# TASK OBJECTIVE
An exact, complete printout of the listing is wanted, minus its images.

# SUPPLIED DATA
..............................
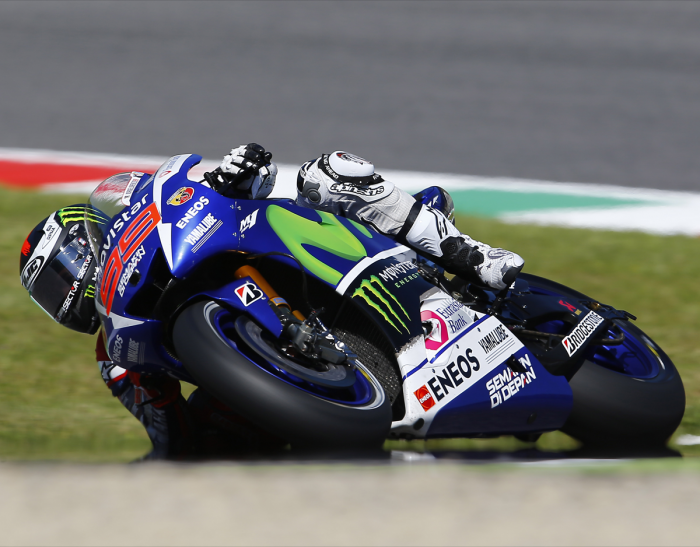 El equipo Movistar Yamaha MotoGP  afina  en la Toscana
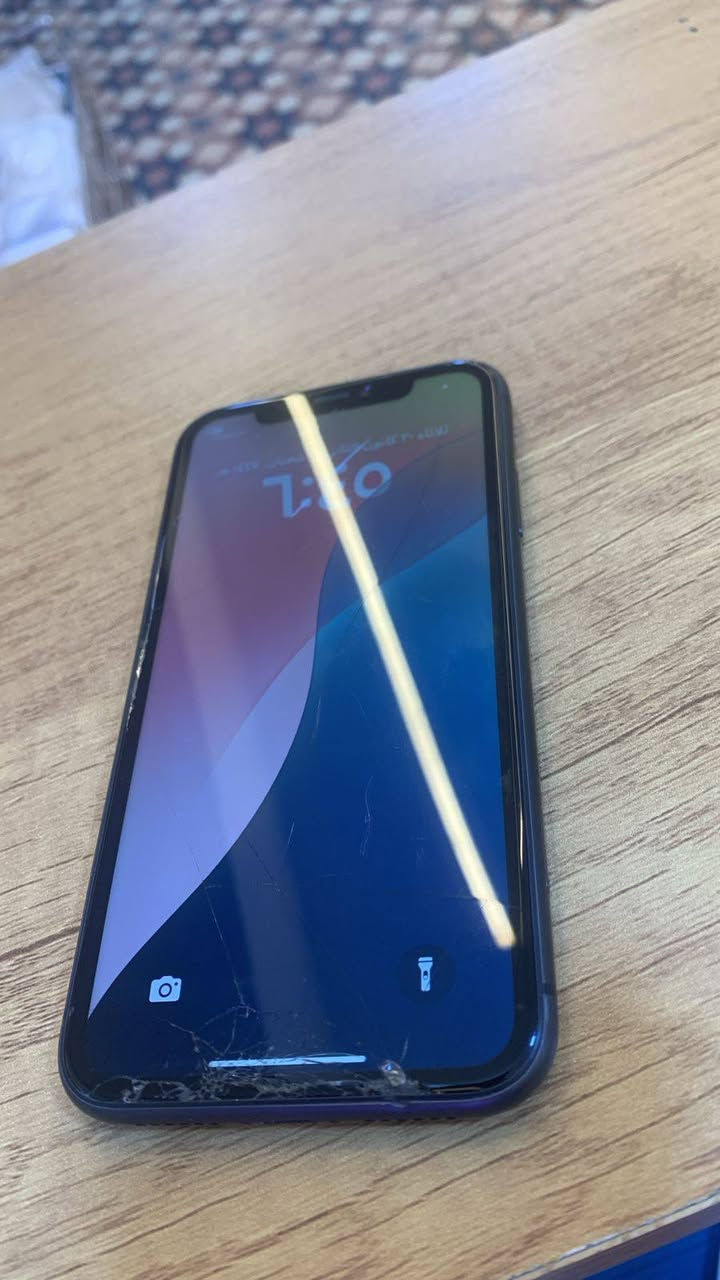 ايفون 11
سلام عليكم البيع ايفون 11 عادي ذاكرة 128 نموذج m بطاريه بلادي78  الشاشه فقط مفطوره  فيس ايدي شغال
المكان ديالى بعقوبه التحرير السعر180بي مجال*********** كارتونه ويا كيبل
..............................
# EXERCISE ANSWER
 El equipo Movistar Yamaha MotoGP  afina  en la Toscana
 ايفون 11
سلام عليكم البيع ايفون 11 عادي ذاكرة 128 نموذج m بطاريه بلادي78  الشاشه فقط مفطوره  فيس ايدي شغال
المكان ديالى بعقوبه التحرير السعر180بي مجال*********** كارتونه ويا كيبل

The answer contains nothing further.